A promising aspect of this \(2K\) block partitioning is that each subproblem in (10) has a closed-form solution, as characterized in the following theorem.

Theorem 2

Consider a minimization problem

$$\begin{aligned} \min _{\mathbf{v }\ge 0}\Vert \mathbf{uv }^{T}-\mathbf{G }\Vert _{F}^{2} \end{aligned}$$
(12)

where \(\mathbf{G }\in \mathbb{R }^{M\times N}\) and \(\mathbf{u }\in \mathbb{R }^{M}\) are given. If \(\mathbf{u }\) is a nonzero vector, \(\mathbf{v }=\frac{[\mathbf{G }^{T}\mathbf{u }]_{+}}{\mathbf{u }^{T}\mathbf{u }}\) is the unique solution for (12), where \(([\mathbf{G }^{T}\mathbf u ]_{+})_{n}=\max ((\mathbf{G }^{T}\mathbf{u })_{n},0)\) for \(n=1,\ldots ,N\).

Proof

Letting \({\mathbf{v }}^{T}=\left(v_{1},\ldots ,v_{N}\right)\), we have

$$\begin{aligned} \min _{\mathbf{v }\ge 0}\left\Vert\mathbf{uv }^{T}-\mathbf{G }\right\Vert_{F}^{2}=\sum _{n=1}^{N}\min _{v_{n}\ge 0}\left\Vert\mathbf{u }v_{n}-\mathbf{g }_{n}\right\Vert_{2}^{2}, \end{aligned}$$

where \(\mathbf{G }=[\mathbf{g }_{1},\ldots ,\mathbf{g }_{N}]\), and the problems in the second term are independent of each other. Let \(h(v_{n})=\Vert \mathbf{u }v_{n}-\mathbf{g }_{n}\Vert _{2}^{2}=\Vert \mathbf{u }\Vert _{2}^{2}v_{n}^{2}-2v_{n}{\mathbf{u }}^{T}\mathbf{g }_{n}+\Vert \mathbf{g }_{n}\Vert _{2}^{2}\). Since \(\frac{\partial h}{\partial v_{n}}=2(v_{n}\Vert \mathbf{u }\Vert _{2}^{2}-\mathbf{g }_{n}^{T}\mathbf{u })\), if \(\mathbf{g }_{n}^{T}\mathbf u \ge 0\), it is clear that the minimum value of \(h(v_{n})\) is attained at \(v_{n}=\frac{\mathbf{g }_{n}^{T}\mathbf u }{\mathbf{u }^{T}\mathbf u }\). If \(\mathbf{g }_{n}^{T}\mathbf u <0\), the value of \(h(v_{n})\) increases as \(v_{n}\) becomes larger than zero, and therefore the minimum is attained at \(v_{n}=0\). Combining the two cases, the solution can be expressed as \(v_{n}=\frac{[\mathbf{g }_{n}^{T}\mathbf u ]_{+}}{\mathbf{u }^{T}\mathbf u }\). \(\square \)

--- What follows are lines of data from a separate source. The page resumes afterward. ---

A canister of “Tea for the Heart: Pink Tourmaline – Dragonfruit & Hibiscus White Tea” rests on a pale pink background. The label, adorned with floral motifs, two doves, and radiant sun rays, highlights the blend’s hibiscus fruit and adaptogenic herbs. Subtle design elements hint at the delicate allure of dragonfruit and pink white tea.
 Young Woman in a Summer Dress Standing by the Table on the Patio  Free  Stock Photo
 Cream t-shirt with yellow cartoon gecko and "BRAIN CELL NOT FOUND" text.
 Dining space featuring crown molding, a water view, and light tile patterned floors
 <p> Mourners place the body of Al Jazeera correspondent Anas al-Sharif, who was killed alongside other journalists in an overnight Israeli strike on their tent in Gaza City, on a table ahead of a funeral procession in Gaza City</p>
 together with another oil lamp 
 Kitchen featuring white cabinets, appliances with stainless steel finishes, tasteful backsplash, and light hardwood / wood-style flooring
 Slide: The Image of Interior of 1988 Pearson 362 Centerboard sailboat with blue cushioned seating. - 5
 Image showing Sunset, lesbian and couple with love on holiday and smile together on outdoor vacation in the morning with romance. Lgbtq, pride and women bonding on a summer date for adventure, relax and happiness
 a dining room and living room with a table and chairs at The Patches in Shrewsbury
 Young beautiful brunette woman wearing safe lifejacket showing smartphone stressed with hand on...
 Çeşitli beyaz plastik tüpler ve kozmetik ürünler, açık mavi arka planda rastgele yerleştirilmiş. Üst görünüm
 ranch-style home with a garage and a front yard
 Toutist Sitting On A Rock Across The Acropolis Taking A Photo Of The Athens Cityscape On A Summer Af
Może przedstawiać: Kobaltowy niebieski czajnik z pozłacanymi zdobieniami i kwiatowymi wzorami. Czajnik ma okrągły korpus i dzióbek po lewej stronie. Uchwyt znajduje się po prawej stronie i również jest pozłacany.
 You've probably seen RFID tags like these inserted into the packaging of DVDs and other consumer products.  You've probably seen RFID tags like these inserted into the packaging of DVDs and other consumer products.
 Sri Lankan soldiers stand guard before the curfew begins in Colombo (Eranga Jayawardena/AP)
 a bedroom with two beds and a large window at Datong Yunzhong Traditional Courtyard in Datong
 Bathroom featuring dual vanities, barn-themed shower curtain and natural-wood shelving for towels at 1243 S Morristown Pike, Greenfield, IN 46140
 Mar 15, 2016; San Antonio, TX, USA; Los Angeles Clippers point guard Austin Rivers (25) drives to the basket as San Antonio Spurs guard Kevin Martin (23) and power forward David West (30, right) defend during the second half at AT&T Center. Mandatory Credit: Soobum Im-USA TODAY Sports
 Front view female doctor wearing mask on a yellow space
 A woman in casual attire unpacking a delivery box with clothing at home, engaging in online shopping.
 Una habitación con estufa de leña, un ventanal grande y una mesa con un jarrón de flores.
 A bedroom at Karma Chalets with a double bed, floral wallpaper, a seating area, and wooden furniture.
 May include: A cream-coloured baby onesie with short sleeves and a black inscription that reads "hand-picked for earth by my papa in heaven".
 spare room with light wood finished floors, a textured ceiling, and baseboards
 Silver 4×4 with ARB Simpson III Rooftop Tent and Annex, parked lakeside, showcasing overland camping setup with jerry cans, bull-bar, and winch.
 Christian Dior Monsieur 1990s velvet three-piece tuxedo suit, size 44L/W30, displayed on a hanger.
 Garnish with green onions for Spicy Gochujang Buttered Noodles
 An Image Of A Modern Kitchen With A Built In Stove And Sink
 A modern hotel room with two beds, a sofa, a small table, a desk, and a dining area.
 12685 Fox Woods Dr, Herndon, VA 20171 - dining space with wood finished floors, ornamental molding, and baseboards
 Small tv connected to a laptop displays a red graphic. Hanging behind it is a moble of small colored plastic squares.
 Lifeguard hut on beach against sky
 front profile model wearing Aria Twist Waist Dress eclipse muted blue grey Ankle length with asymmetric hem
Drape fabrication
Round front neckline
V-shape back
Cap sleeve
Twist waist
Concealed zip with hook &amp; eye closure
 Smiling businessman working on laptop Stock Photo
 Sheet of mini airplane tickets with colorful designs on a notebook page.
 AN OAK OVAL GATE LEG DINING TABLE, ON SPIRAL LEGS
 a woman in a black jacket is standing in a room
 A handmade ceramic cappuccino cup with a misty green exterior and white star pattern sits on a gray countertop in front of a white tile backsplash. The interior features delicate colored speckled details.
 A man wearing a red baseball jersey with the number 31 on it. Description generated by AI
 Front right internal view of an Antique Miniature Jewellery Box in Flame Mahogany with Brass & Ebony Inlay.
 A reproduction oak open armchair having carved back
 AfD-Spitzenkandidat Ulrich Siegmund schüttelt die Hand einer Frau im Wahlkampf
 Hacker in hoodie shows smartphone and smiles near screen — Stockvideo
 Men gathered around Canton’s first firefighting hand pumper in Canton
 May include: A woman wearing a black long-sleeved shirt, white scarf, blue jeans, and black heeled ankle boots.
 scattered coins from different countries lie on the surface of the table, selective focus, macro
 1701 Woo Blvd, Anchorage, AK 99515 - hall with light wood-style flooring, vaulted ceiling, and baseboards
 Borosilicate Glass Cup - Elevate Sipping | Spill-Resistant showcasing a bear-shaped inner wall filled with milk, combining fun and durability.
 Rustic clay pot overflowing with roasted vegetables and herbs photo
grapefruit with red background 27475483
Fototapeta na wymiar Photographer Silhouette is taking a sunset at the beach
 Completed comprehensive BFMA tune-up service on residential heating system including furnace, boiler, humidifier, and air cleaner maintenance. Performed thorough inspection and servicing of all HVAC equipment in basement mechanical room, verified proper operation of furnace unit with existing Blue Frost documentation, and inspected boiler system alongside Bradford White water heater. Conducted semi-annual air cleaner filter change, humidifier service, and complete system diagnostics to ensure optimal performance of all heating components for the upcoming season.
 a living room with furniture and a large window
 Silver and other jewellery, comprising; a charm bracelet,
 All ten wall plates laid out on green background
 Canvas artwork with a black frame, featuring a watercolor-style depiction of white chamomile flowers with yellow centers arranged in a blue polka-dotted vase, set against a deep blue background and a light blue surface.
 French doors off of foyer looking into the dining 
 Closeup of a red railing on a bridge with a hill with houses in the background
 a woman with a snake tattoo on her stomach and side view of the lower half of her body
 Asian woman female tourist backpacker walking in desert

Using Theorem 2, the solutions of (10) can be stated as

$$\begin{aligned} \mathbf{w }_{k}\leftarrow \frac{[\mathbf{R }_{k}\mathbf{h }_{k}]_{+}}{\Vert \mathbf{h }_{k}\Vert _{2}^{2}} \quad \text{ and} \quad \mathbf{h }_{k}\leftarrow \frac{[\mathbf{R }_{k}^{T}\mathbf{w }_{k}]_{+}}{\Vert \mathbf{w }_{k}\Vert _{2}^{2}}. \end{aligned}$$
(13)

This \(2K\)-block BCD algorithm has been studied under the name of the hierarchical alternating least squares (HALS) method by Cichocki et al. [19, 20] and the rank-one residue iteration (RRI) independently by Ho [44]. According to Theorem 1, the convergence property of the HALS/RRI algorithm can be written as follows.

Corollary 2

If the columns of \({\mathbf{W }}\) and \(\mathbf{H }\) remain nonzero throughout all the iterations and the minimums in (13) are attained at each step, every limit point of the sequence \(\left\{ \left({\mathbf{W }},\mathbf{H }\right)^{(i)}\right\} \) generated by the HALS/RRI algorithm is a stationary point of (2).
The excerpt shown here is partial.